Un facteur important de ces tensions – et des transferts financiers vers la Guyane – est l’enjeu des retombées du Centre Spatial de Kourou qui est aujourd’hui sans doute la principale raison d’être du maintien de la présence française.
Le centre spatial
Consécutivement à l’indépendance de l’Algérie, le Centre National d’Études Spatiales (CNES) a dû quitter la base de lancement de Hammaguir. Quatorze sites ont alors été étudiés, dans des départements d’Outre-mer ou des pays étrangers comme le Brésil ou l’Australie. Tous ces sites avaient en commun d’être situés près de l’Équateur qui offre des conditions optimales pour les lancements : l’effet de fronde produit par la rotation terrestre permet d’obtenir 15 % de gain de performance supplémentaire par rapport à des bases de lancement situées plus au nord, comme Cap Kennedy.

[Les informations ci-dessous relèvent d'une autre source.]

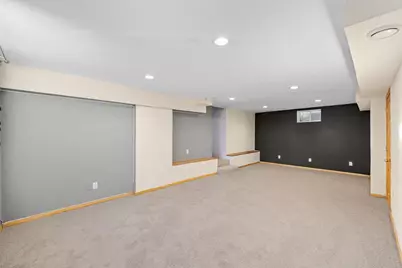 1139 County Road B W, Roseville, MN 55113 - Photo 7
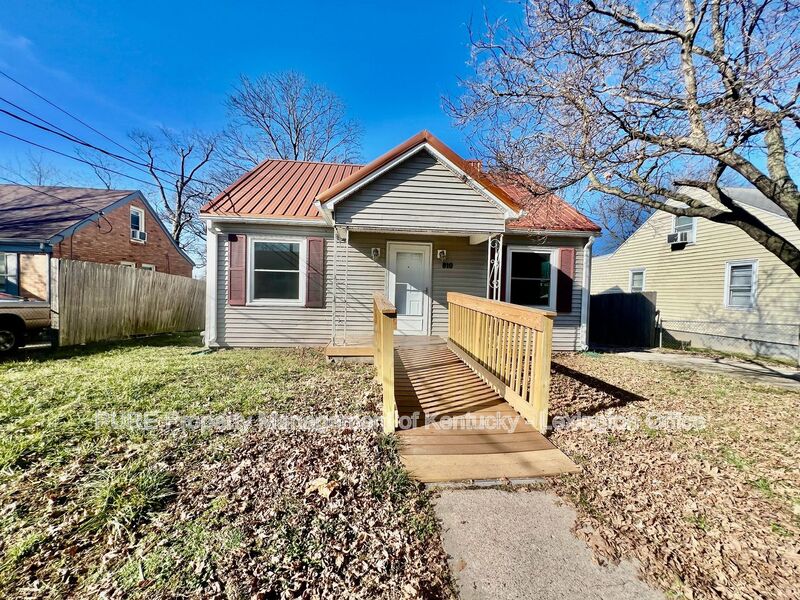 Lexington House: 810 Shelby Avenue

Le rapport du CNES recommandait la Guyane qui offre plusieurs avantages comme la faible densité de population et une large ouverture sur l’océan Atlantique qui permet de réduire les risques en cas de problème sur le lanceur. Le site permet également d’effectuer des lancements de satellites sur orbite polaire dans des conditions optimales, tous les azimuts de lancement entre -10,5° (orbites polaires ou héliosynchrones) et +93,5° (orbites géostationnaires) étant possibles. En outre, la zone n’est pas sujette aux tremblements de terre et aux cyclones et la Guyane, en tant que partie intégrante du territoire français, présentait également l’avantage de la stabilité politique. Le Premier ministre de l’époque, Georges Pompidou, suivit ces recommandations et le 14 avril 1964 il signa un arrêté ministériel établissant le Centre Spatial guyanais (CSG) à Kourou, entériné en conseil des ministres par le général de Gaulle.

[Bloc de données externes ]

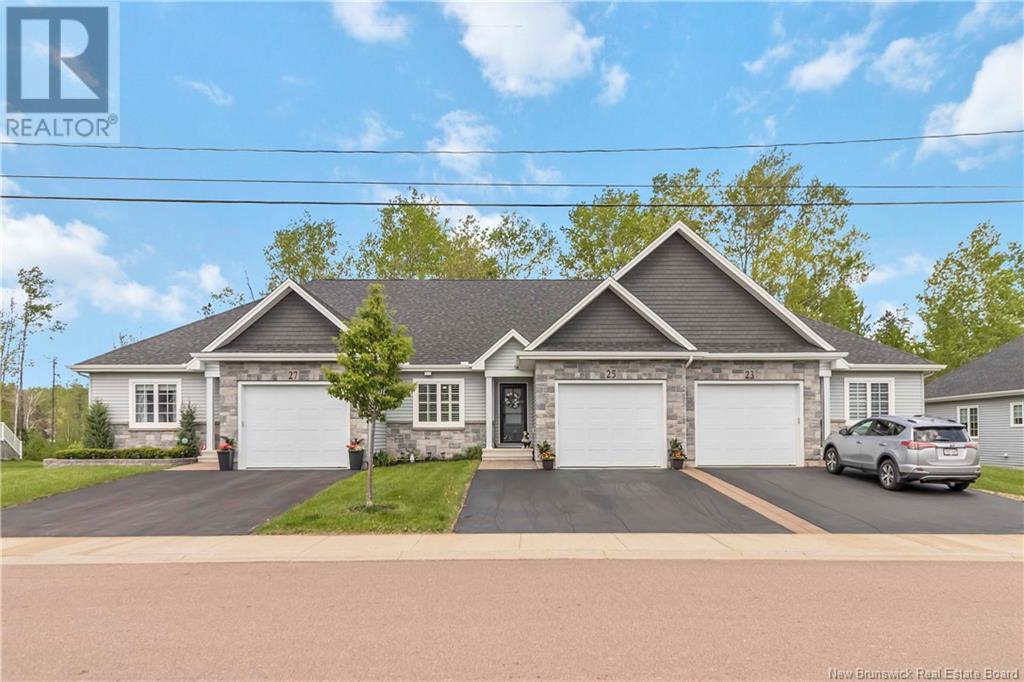 25 Delpech Ct, Moncton, NB E1G 1X7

En septembre 1965 débutèrent les premiers aménagements, soit un port et un pont à Kourou, ainsi que l’allongement de la piste de l’aéroport de Cayenne, mais également la construction d’installations inexistantes du fait de la faible population de la Guyane et de Kourou en particulier (660 personnes à l’époque).
Le CSG inaugura son premier lancement le 9 avril 1968 avec la fusée Véronique. Quand l’Agence spatiale européenne (ESA) fut créée en 1973, la France proposa de partager Kourou avec elle. L’ESA finance les deux tiers du budget annuel de la base de Kourou et a également payé sa modernisation à l’occasion de la mise au point de la série des lanceurs Ariane. Le premier lancement de celle-ci eut lieu le 24 décembre 1979 et a compté 222 tirs jusqu’en décembre 2014. Ariane est depuis le milieu des années 1980 leader mondial sur le marché des satellites commerciaux avec une part de marché située entre 50 et 65 % ; ce succès technique et commercial devrait se poursuivre avec la fusée Ariane V ECA qui permet de placer en orbite des satellites de 10 tonnes. En outre, dans le cadre d’un accord de coopération russo-européen, l’Agence spatiale européenne utilise des lanceurs Soyouz pour ses propres tirs (lancements pour son propre compte et afin de mettre en orbite des charges payantes). L’agence spatiale russe Roskosmos effectue également des lancements depuis Kourou et peut ainsi bénéficier de conditions plus propices aux tirs de satellite géostationnaires que depuis le cosmodrome de Baïkonour. Le premier lancement d’un Soyouz a été effectué en 2011.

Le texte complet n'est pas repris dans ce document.